I porti di quinta generazione sono caratterizzati dalla creazione di valore aggiunto e dalla complessità della logistica portuale. In questo assetto i porti sono focalizzati sia sui clienti sia sulla comunità locale, offrendo una profonda integrazione tecnologica con gli stakeholders. Occorre quindi cooperare con il territorio per individuare le priorità, consentendo uno scambio fluido tra il porto ed il suo hinterland.

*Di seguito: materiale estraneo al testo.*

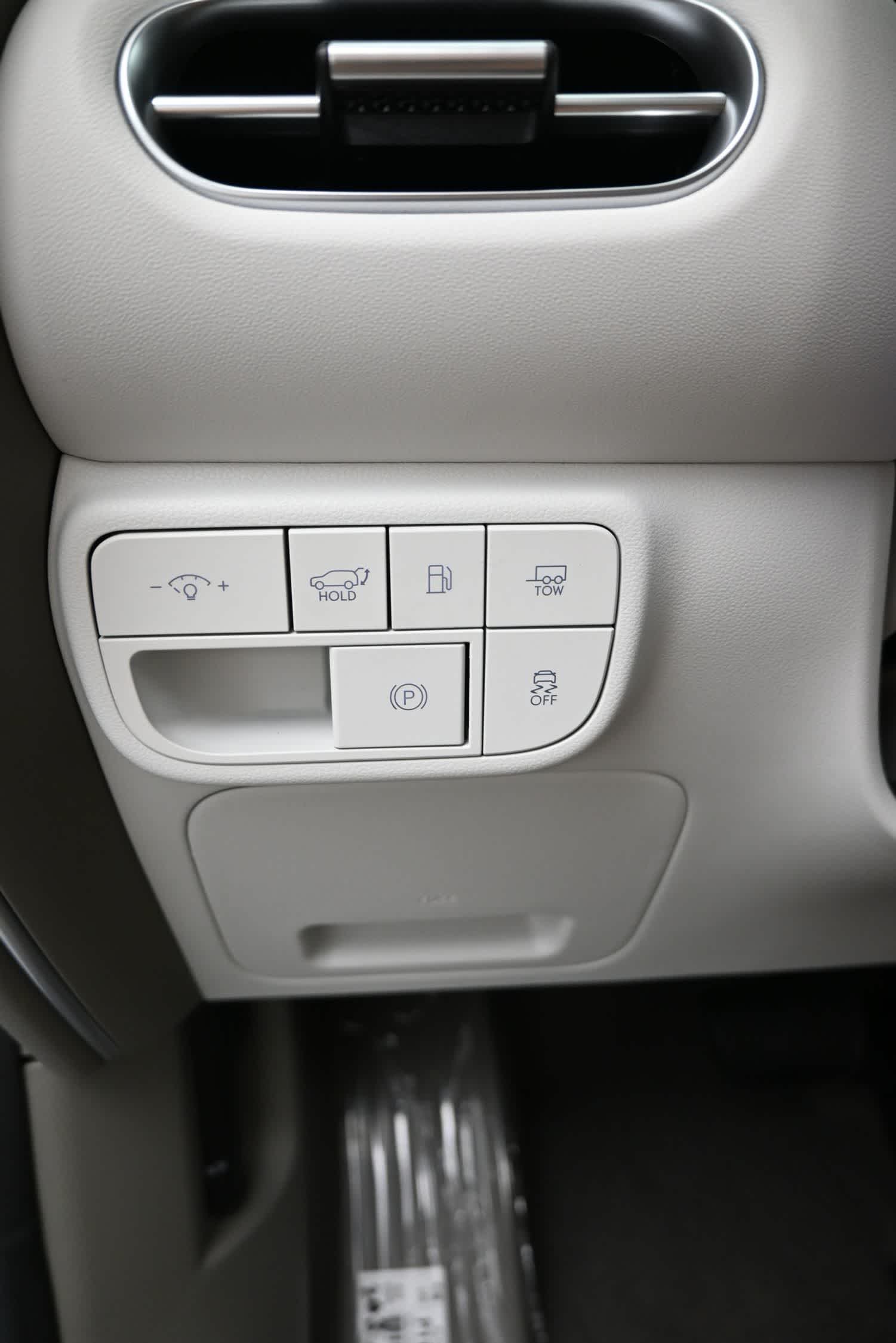 2026 Hyundai Palisade HEV SEL Premium 7P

Con i porti di sesta generazione, che traguardano scenari dei prossimi decenni, si dovrebbero possedere tre caratteristiche: la possibilità di gestire navi portacontenitori con una capacità di 50.000 teus, con un pescaggio di 20 metri; una automazione completa del terminal container; una gestione dei collegamenti intermodali che consenta il trasporto di merci containerizzate con bassi costi esterni.
Si delinea in questo caso una condizione asimmetrica tra costi e benefici; le compagnie armatoriali raggiungerebbero un livello inferiore di costi unitari grazie alla distribuzione dei costi del trasporto marittimo su un numero maggiore di contenitori, mentre la parte più onerosa degli investimenti sarebbe a carico della mano pubblica.
I nodi del gigantismo navale sembrano giungere al pettine. Ma lo si è detto talmente nel corso del passato decennio, che non si può essere certi sul destino futuro del modello di organizzazione del mercato marittimo e portuale. Tutto dipenderà dalla via d’uscita che si determinerà per il sistema manifatturiero a seguito della crisi post-pandemica.